Given current realities, an FDIC style reorganization and restructuring will not happen, barring a secondary relapse in economic activity. Which might leave the American public to take matters into their own hands via outright debt repudiation. There is a reason why there was a historical tradition of debt jubilees every 50 years and usury laws.

Maybe inflation is the modern version of these two tools to manage the effects of the dead hand of the rentiers, albeit in a more incremental fashion, but outright debt repudiation is more likely today, given the absence of any kind of inflationary pressures.

In many respects, the Argentina example of 2001 is instructive. True, the economics are not completely analogous here because Argentina repudiated foreign debt to get out of an externally imposed debt inflation, whereas here we are discussing the crushing burden of domestic debt on the part of the US household sector. Still, in many ways, the ultimate effect is the same and Argentina’s repudiation could well have the implications for the US, were American households to embrace a similar tactic. After Argentina abandoned the dollar peg, the peso collapsed, leaving the country with a horribly burdensome deflationary foreign debt repayment program foisted on it by the IMF (yet again making the world safe for US investment banks at the expense of everybody else) as a condition for further economic assistance.
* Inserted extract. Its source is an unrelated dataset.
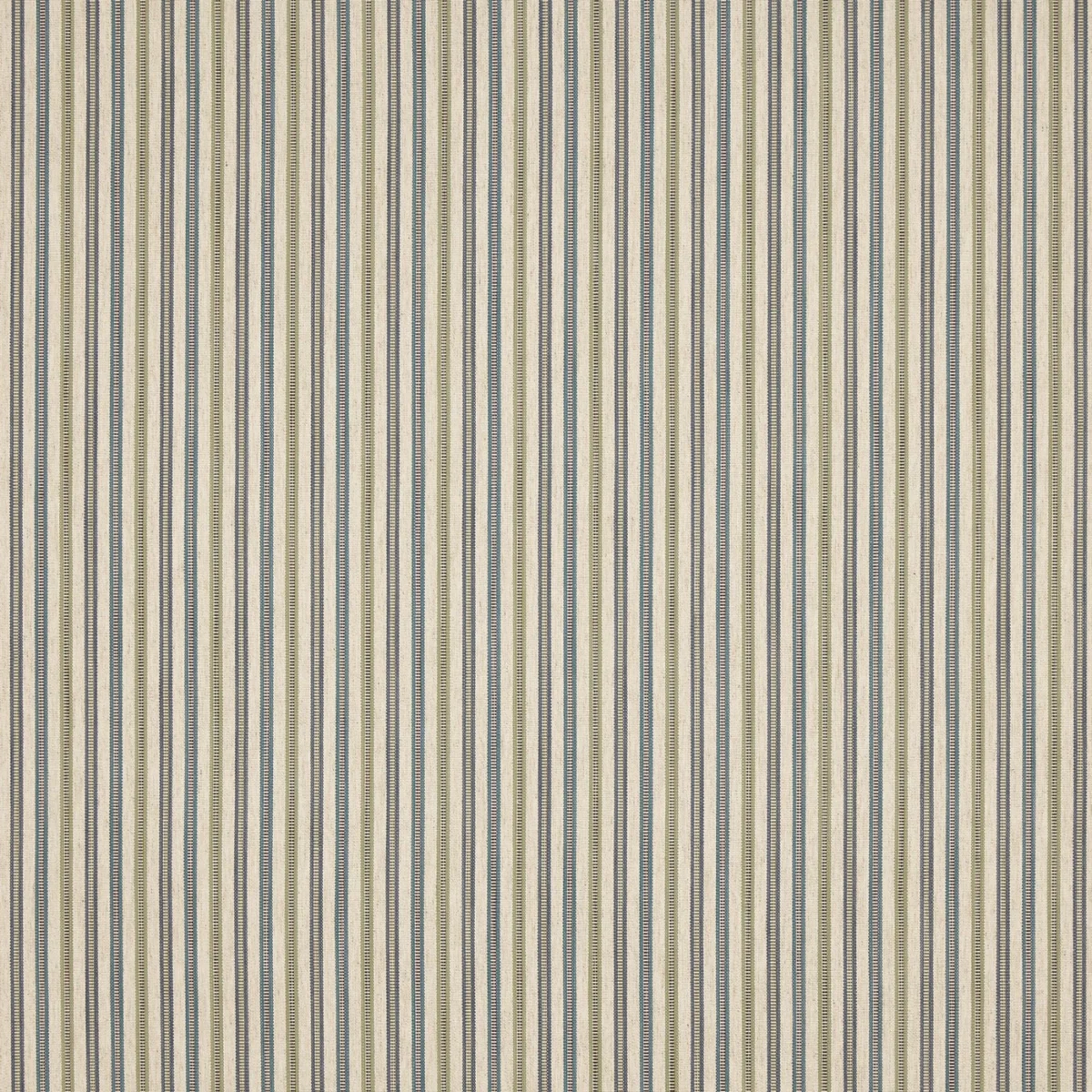 Bilberry Fabric - Winter by Bilberry Fabric from Prestigious Textiles Cottage Charm collection - blue striped woven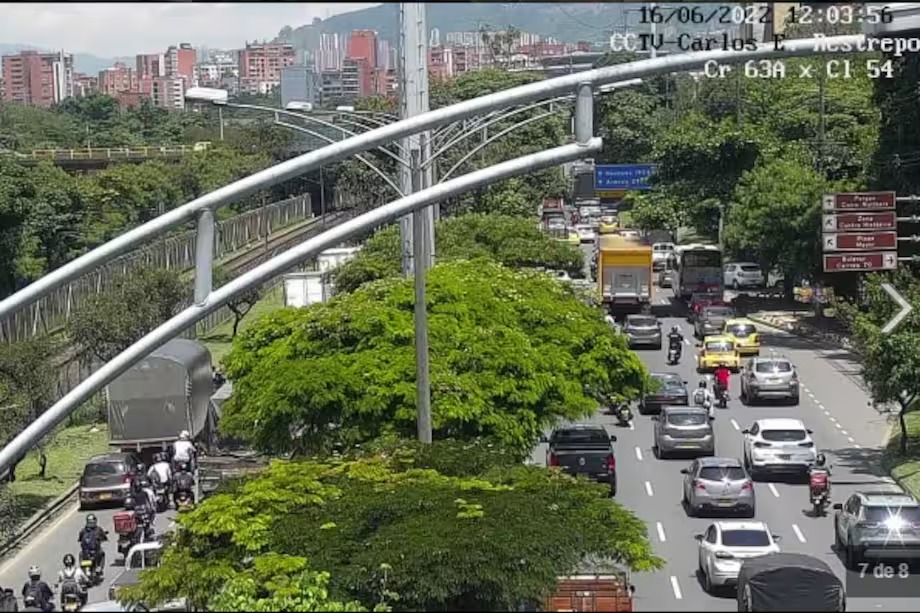 Cierres viales programados para este fin de semana en Medellín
But then President Nelson Kirchner threatened to forego debt repayment to the country’s foreign creditors in the event that the IMF continued to insist on being repaid in a manner which was deflating  the country into the ground.
In effect, Kirchner called the bluff of the IMF and he won. Argentina repudiated its debts and immediately started to grow again, led by exports from a vastly depreciated peso. The IMF continued to insist that Argentina would remain cut off from the foreign debt markets whilst the country refused to repay its foreign debts. But the threat was exposed for the hollow one it was: the reality was that Argentina didn’t need to subject themselves to the poisoned chalice which the IMF was offering as a condition of obtaining yet more foreign credit.

(As an aside, a government’s ability to spend and service its debt is only unlimited if the payments are made in the government’s own sovereign currency, which makes the whole notion of Argentina borrowing in dollars – thereby adding an unnecessary external constraint on growth – nonsensical as a future growth strategy.)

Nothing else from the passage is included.